Shafqat Hussain’s execution process has been a long and tumultuous one, and it has taken yet another turn; his execution was halted minutes before it was scheduled to take place to once more probe the question of his age at the time of his conviction. This is the fourth time his execution has been stayed; and at this point, given the confusion that still surrounds the facts, the case has become more of a symbol – a touchstone which the human rights organizations and NGO’s point to when they are pointing out the law enforcement and the justice system’s flaws. Despite the large numbers of individuals the law enforcement and the human rights organizations have tussled over since the lifting of the moratorium on the death penalty, Shafqat Hussain’s case has stuck out – in a way similar to Malala’s – because while the incident itself maybe commonplace, the specific facts make for a forceful narrative. A politically inconsequential young individual in a foreign city, a brutal and corrupt police force, and a disinterested legal system and a overworked judiciary; all combine to perfectly exemplify the problems ailing each limb of our overall peace and order maintain machinery.
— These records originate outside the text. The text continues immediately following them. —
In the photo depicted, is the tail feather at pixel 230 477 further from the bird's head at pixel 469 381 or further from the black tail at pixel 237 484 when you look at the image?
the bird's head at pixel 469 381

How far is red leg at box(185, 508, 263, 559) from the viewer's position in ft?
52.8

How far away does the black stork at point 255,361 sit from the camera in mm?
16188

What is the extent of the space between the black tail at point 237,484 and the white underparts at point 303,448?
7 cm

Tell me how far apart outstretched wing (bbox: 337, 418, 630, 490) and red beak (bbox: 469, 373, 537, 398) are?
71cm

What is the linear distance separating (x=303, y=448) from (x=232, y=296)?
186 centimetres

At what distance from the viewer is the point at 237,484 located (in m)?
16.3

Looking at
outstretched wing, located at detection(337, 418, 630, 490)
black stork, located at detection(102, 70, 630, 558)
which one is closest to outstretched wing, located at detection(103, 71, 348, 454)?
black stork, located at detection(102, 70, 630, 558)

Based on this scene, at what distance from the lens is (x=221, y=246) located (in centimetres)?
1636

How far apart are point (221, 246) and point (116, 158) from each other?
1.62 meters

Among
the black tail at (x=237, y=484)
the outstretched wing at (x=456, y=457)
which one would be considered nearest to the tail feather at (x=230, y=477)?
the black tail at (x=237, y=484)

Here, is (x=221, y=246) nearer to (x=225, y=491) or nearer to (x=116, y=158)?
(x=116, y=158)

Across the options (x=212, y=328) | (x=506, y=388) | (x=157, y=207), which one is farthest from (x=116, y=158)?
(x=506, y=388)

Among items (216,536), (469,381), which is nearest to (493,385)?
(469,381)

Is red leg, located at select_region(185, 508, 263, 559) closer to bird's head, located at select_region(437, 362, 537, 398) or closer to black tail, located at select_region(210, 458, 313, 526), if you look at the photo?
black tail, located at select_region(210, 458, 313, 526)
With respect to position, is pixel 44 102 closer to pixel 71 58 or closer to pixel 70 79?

Whatever the outcome of the inquiry in Shafqat’s age may be, the case must serve as an example which is used to rectify the system. While efforts are being made to reduce police brutality and the justice system’s shortcomings are well known and often commented on, this episode is distinguished not because of these two incidents, it is due to the extreme difficulty both the state and the human rights organizations had to go through to officially determine Shafqat’s age at the time of conviction. Pakistan’s record maintaining system still exists in the last century, especially in legal and police matters. The files are organized in a disjointed and archaic manner, still relying on paper when the rest of the world has started implementing digital methods. The legal system, the police and the government official records need to be converted to a digital format which can be accessed centrally. This does not mean just the basic identity information –which already exist in digital format – but must extend to land ownership records, filling of First Information Reports and public court judgements. Pakistan must step into the modern age; that is the only way to avoid confusion over facts that should be uncontested in most proceedings.